Login to the ATSD web interface on https://atsd_hostname:8443. Modify the port to 9443 if port settings were previously replaced.


Port Access

Make sure that the Security Group associated with the EC2 instance where ATSD is running allows access to ATSD listening ports.

If necessary, add security group rules to open inbound access to ports 8081, 8082/udp, 8084, 8088, 8443 or 9081, 9082/udp, 9084, 9088, 9443 respectively.


ATSD requires a license file when connected to an HBase cluster.

Open Settings > License page and generate a license request.

Once the license file is processed by Axibase, start ATSD, open Settings > License page and import the license.

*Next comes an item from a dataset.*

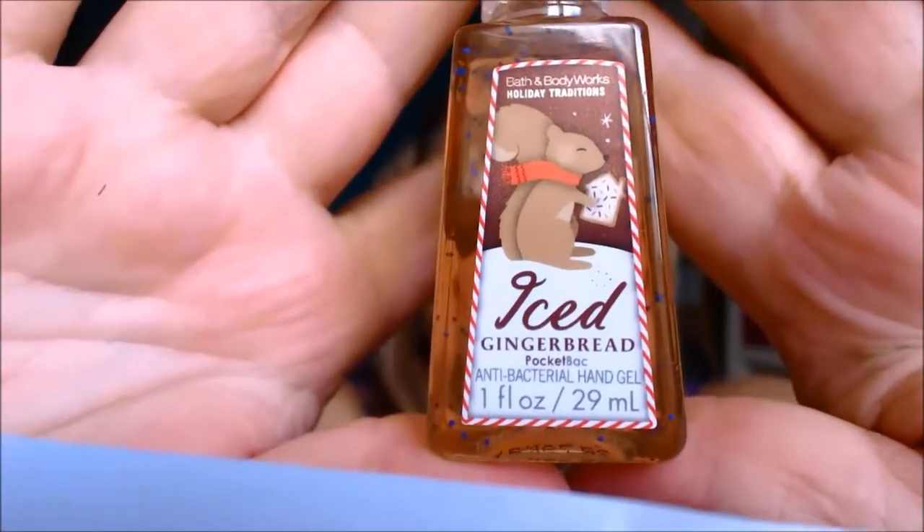The next one is called Vanilla Bean Noel — it's just so gorgeous, and this would be vanilla. I'm not fussed on vanilla, I like vanilla, it's just there are other flavors. This one is Iced Gingerbread and it smells like gingerbread — just like you're cooking gingerbread in your house with lots and lots of spices and fruit. It's beautiful. I really will miss that when it's gone.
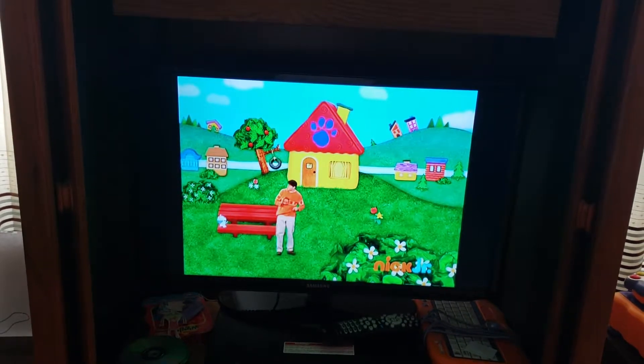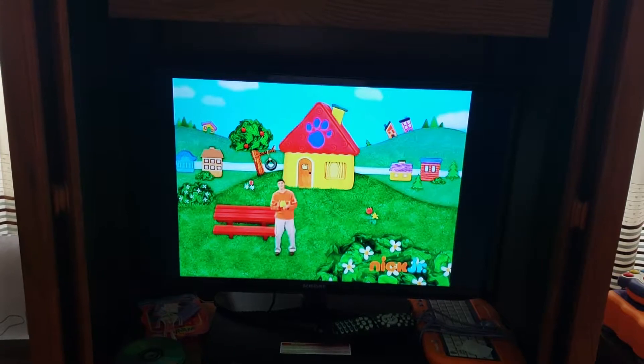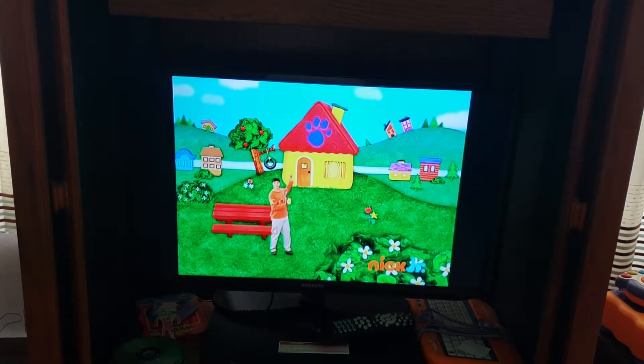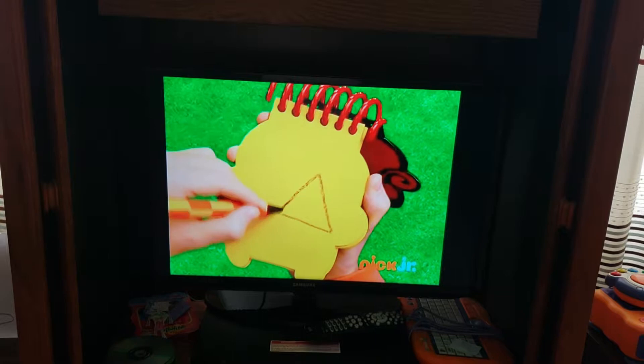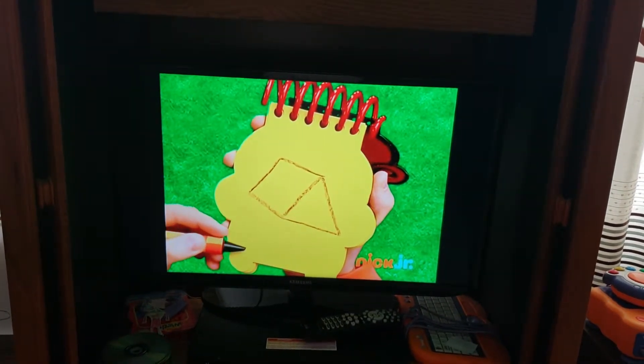So I'm gonna check on the plane. Bye! A roof! Let's draw a triangle and a line that goes back down and across. And we have a roof.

Missing ATSD Coprocessor File

2017-09-01 13:44:30,386;INFO;main;com.axibase.tsd.hbase.SchemaBean;Set path to coprocessor: table 'atsd_d', coprocessor com.axibase.tsd.hbase.coprocessor.CompactEndpoint, path to jar s3://atsd/hbase-root/lib/atsd-hbase.jar
2017-09-01 13:44:30,387;INFO;main;com.axibase.tsd.hbase.SchemaBean;Set path to coprocessor: table 'atsd_d', coprocessor com.axibase.tsd.hbase.coprocessor.DeleteDataEndpoint, path to jar s3://atsd/hbase-root/lib/atsd-hbase.jar
2017-09-01 13:44:30,474;WARN;main;;Exception encountered during context initialization - cancelling refresh attempt: org.springframework.beans.factory.BeanCreationException: Error creating bean with name 'series.batch.size' defined in URL [jar:file:/mnt/atsd/atsd/bin/atsd.17245.jar!/applicationContext-properties.xml]: Cannot resolve reference to bean 'seriesPollerHolder' while setting bean property 'updateAction'; nested exception is org.springframework.beans.factory.BeanCreationException: Error creating bean with name 'seriesPollerHolder': Injection of resource dependencies failed; nested exception is org.springframework.beans.factory.BeanCreationException: Error creating bean with name 'serverOptionDaoImpl': Injection of resource dependencies failed; nested exception is org.springframework.beans.factory.BeanCreationException: Error creating bean with name 'schemaBean': Invocation of init method failed; nested exception is org.apache.hadoop.hbase.DoNotRetryIOException: org.apache.hadoop.hbase.DoNotRetryIOException: No such file or directory: 'hbase-root/lib/atsd-hbase.jar' Set hbase.table.sanity.checks to false at conf or table descriptor if you want to bypass sanity checks

Check the coprocessors.jar setting.

grep atsd/atsd/conf/ -e "coprocessors.jar"

Check that the file is present in S3.

aws s3 ls --summarize --human-readable --recursive s3://atsd/hbase-root/lib
2017-08-31 21:43:24  555.1 KiB hbase-root/lib/atsd-hbase.jar

Total Objects: 1
  Total Size: 555.1 KiB

If necessary, copy the file.

aws s3 cp atsd/atsd-hbase.*.jar s3://atsd/hbase-root/lib/atsd-hbase.jar

Restart the HBase cluster, both HMaster and Region Servers, restart ATSD.